Bu durumda, mahkemece, yukarıda yapılan açıklamalar doğrultusunda, davacıların yaptıkları hizmet ve harcadıkları mesaileri göz önünde bulundurulup, görevlerini yasal mevzuata uygun olarak yapıp yapmadıkları da değerlendirilerek davacıların ne miktar ücrete hak kazanacağı tespit edilmek ve sonucuna göre bir karar verilmek gerekirken yanlış ilkeye ve eksik incelemeye dayalı yazılı şekilde karar verilmesi doğru görülmemiştir.
Açıklanan bu nedenlerle davacı vekilinin istinaf isteği yerinde görülmüştür. HMK.’nun 353/1-a-6. maddesinde “…Mahkemece, tarafların davanın esasıyla ilgili olarak gösterdikleri delillerin hiçbiri toplanmadan veya gösterilen deliller hiç değerlendirilmeden karar verilmiş olması” bölge adliye mahkemesince başvuruya konu kararın esası incelemeden kaldırılmasına karar verilmesi gereken haller arasında sayılmıştır. Somut olayda, yukarıda ayrıntılı biçimde izah edilen yargılamadaki eksiklikler uyuşmazlığın esasının çözümü için olmazsa olmaz niteliktedir.
Mahkemece yapılan yargılama sırasında uyuşmazlığın esasının çözümü için olmazsa olmaz nitelikte delillerin usulüne uygun biçimde toplanılıp değerlendirilmediği, toplanılan bir kısım dellilerin hükme esas alınamayacak derecede yetersiz olduğu anlaşılmakla; HMK’nin 353/1-a-6. maddesi uyarınca davanın esası incelenmeksizin kararın kaldırılmasına ve davanın yeniden görülmesi için dosyanın kararı veren mahkemeye gönderilmesine dair aşağıdaki şekilde karar verilmiştir.

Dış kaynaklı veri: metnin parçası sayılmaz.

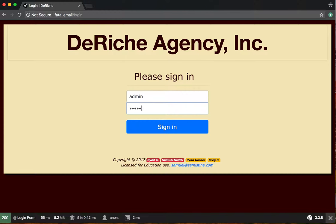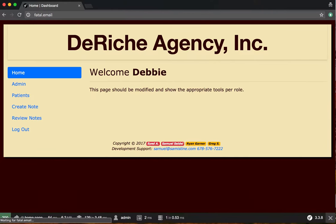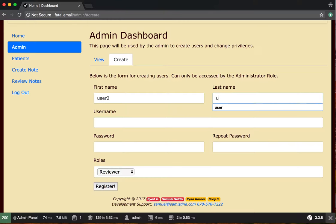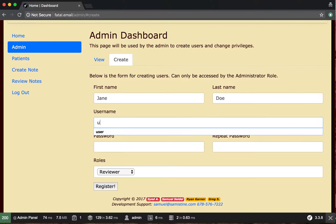We're going to log in as an admin. Once we're logged in, we're going to create a reviewer who can review notes. We're going to call him user2 — let's give him the name Jane Doe — and we're going to give him a username and a password of user2 for convenience.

HÜKÜM: Gerekçesi yukarıda açıklandığı üzere;
1-Davacılar vekilinin istinaf kanun yolu başvurusunun KABULÜ ile, mahkemece verilen hükmün HMK’nın 353/(1)-a-6. maddesi uyarınca KALDIRILMASINA,
2-Dava dosyasının HMK’nın 353/(1)-a maddesi uyarınca davanın yeniden görülmesi için mahkemesine GÖNDERİLMESİNE,
3-Kararın kaldırılması nedeniyle başvuru sırasında alınan peşin karar harcının başvuru sahibi davacılara iadesine,
4-İstinaf aşamasında yapılan yargılama giderinin İlk Derece Mahkemesinde verilecek yeni kararda dikkate alınmasına,
5-İstinaf incelemesi duruşmalı yapılmadığından vekalet ücreti takdirine yer olmadığına,
6-Kararın taraflara tebliği ve harç iadesine ilişkin işlemlerin yerel mahkemesince yerine getirilmesine,
Dair, dosya üzerinde yapılan inceleme sonunda oybirliğiyle HMK’nun 353/1-a maddesi gereğince kesin olmak üzere 05.01.2022 tarihinde oy birliğiyle karar verildi.